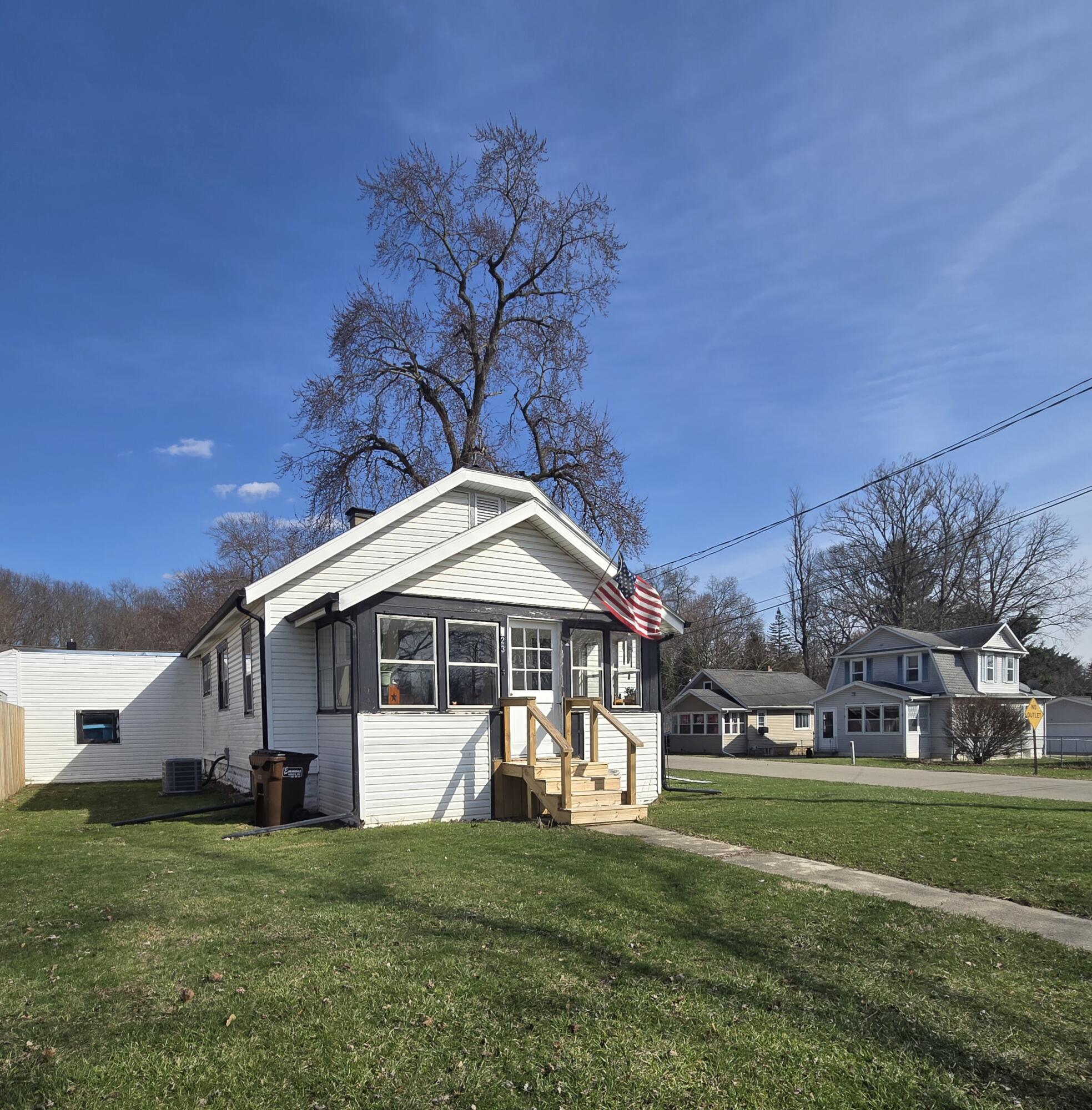 323 S Maurice Avenue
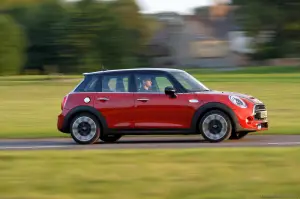 MINI 5 porte - 222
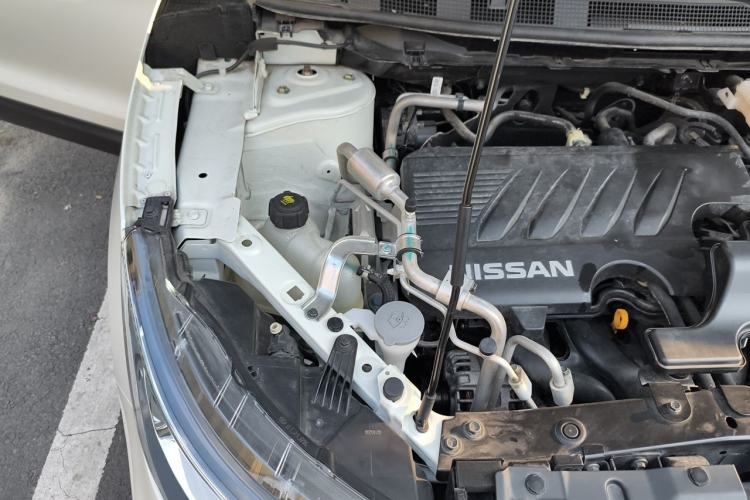 Used Nissan Qashqai 2022 2.0L CVT XV Premier Luxury Edition Engine Bay Right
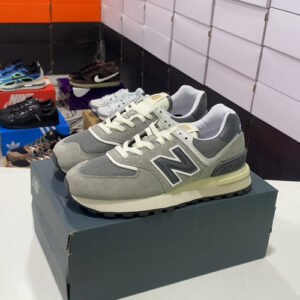 Tênis New Balance NB574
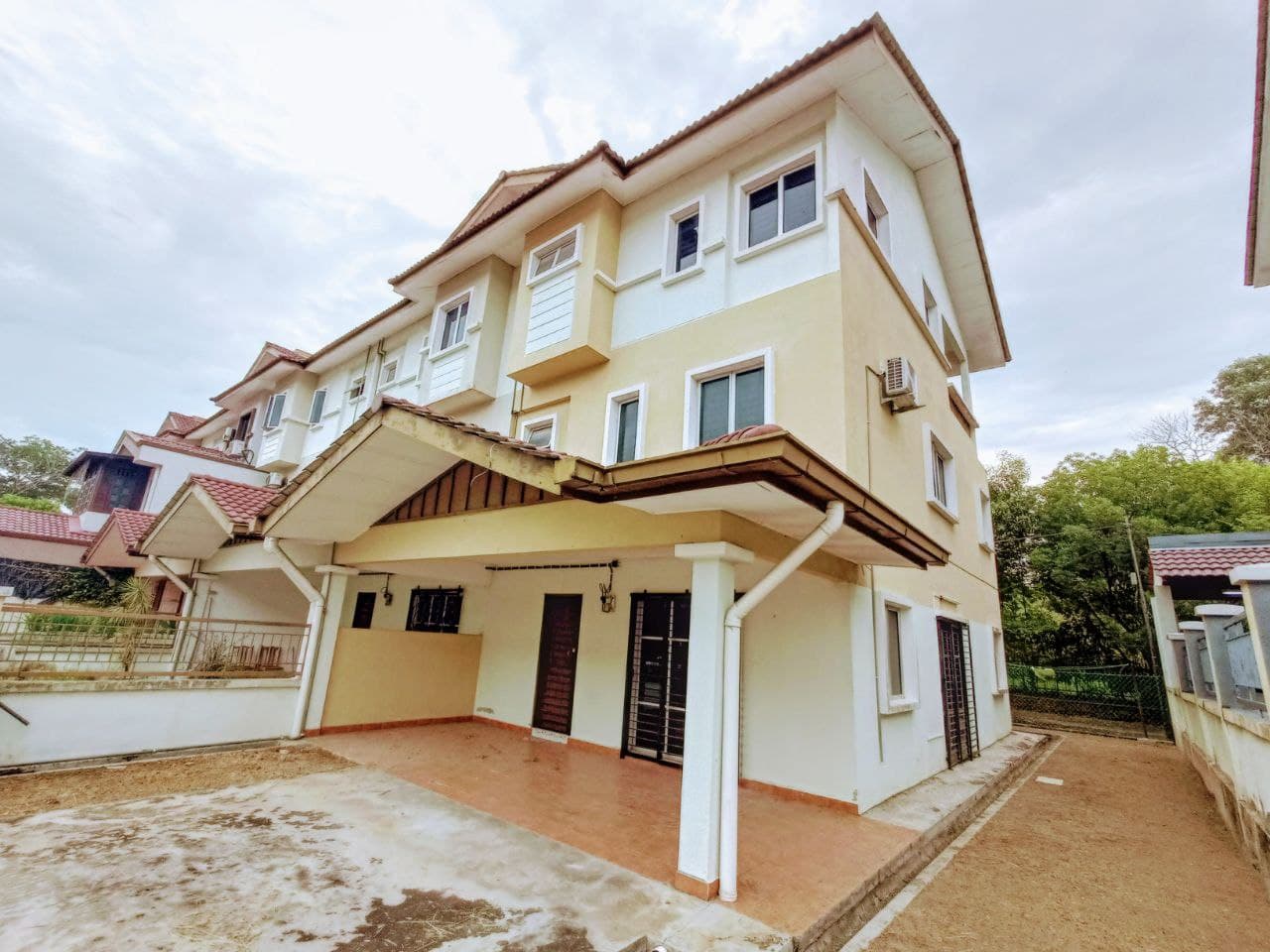 Taman Anggerik Emas, Kajang - photo 8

● ● ● ●

• **Requirement**
Your copy should consist solely of the lines from the line containing "MINI 5 porte - 222" through the last line of the records above, reproduced exactly, with the pictures left out.

• **Response area**
 MINI 5 porte - 222
 Used Nissan Qashqai 2022 2.0L CVT XV Premier Luxury Edition Engine Bay Right
 Tênis New Balance NB574
 Taman Anggerik Emas, Kajang - photo 8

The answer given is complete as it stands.